Intelligent Routing
NorthSignal's defining feature is its Intelligent Routing Engine. Instead of forcing you to choose the best AI model for every prompt, NorthSignal analyzes the complexity of your request and automatically sends it to the best expert for the job.
How the Router Decides
The routing engine evaluates your prompt across multiple dimensions in milliseconds:
| Prompt Characteristic | Routed To | Why |
|---|---|---|
| Coding, debugging, complex logic | Claude Sonnet 4.5 (Anthropic) | Best-in-class for software engineering tasks |
| Very long documents (100+ pages) | Gemini 2.0 Pro (Google) | Largest context window — can read entire books |
| Quick questions, creative writing | GPT-5 (OpenAI) | Fastest time-to-first-token, versatile |
| Simple tasks, summaries | Fastest available model | Prioritizes speed over depth |
The router considers:
- Token complexity — How sophisticated is the language and structure of the prompt?

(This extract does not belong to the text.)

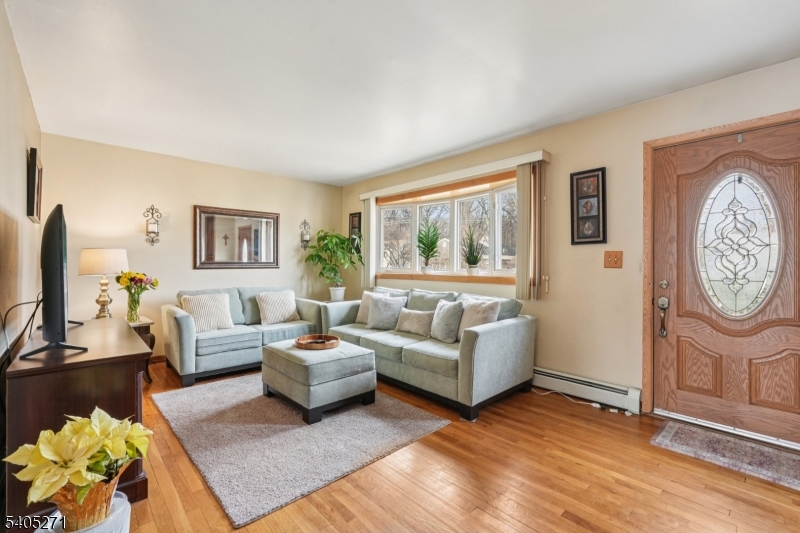 Laurel Woods - Residential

- Input length — How much text, code, or file data are you sending?
- Task type signals — Keywords like "debug," "refactor," "summarize," or "compare" influence routing.

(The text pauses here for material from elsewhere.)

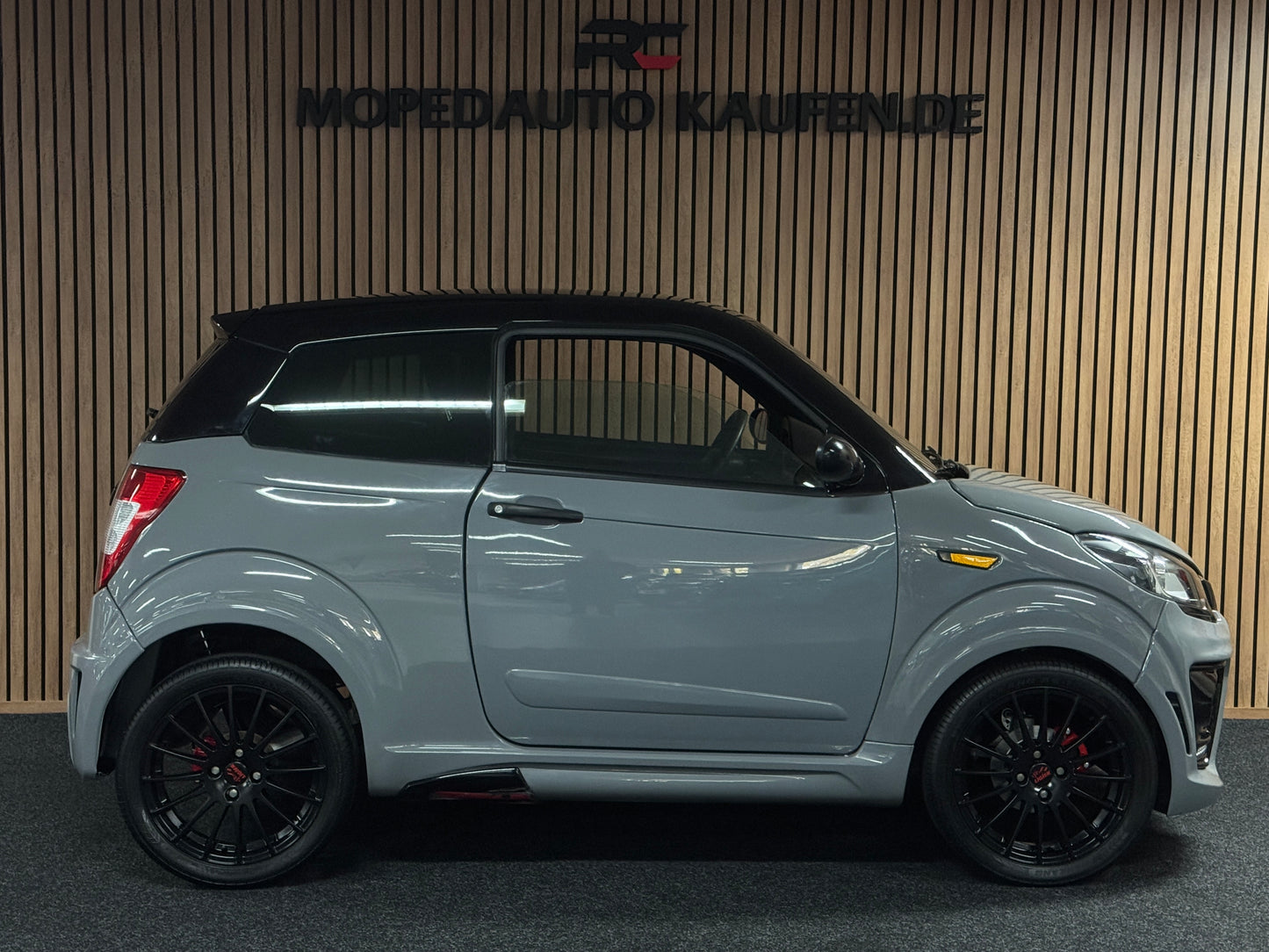 Ligier JS50 Ultimate Sport Nardo Grey | 8 PS leiser DCI Motor | 45 km/h | Rückfahrkamera | Innerhalb 250 KM Kostenlose Lieferung | Mopedauto | Leichtmobile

- Available keys — The router only considers providers you've connected.
The more API keys you add to NorthSignal, the smarter the routing becomes. With all three providers connected, the router has maximum flexibility to pick the optimal model.
Overriding the Router
You always have full control. If you want to use a specific model:
- Look below the chat input bar for the Model Selector dropdown.
- Click the dropdown — it defaults to Auto-Route.
- Select your preferred model from the list (e.g.,
Claude Sonnet 4.5).
NorthSignal will lock your current chat to that model until you change it back.
Why Not Just Always Use the "Best" Model?
Different models have different strengths and different pricing. The Intelligent Router saves you money by:
- Sending simple questions to cheaper, faster models.
- Only invoking expensive reasoning models (like
o1) when the task truly demands it. - Picking the provider with the largest context window when you attach massive files, rather than hitting a context limit error.
The result is higher quality answers at lower cost — without you having to think about which model to pick.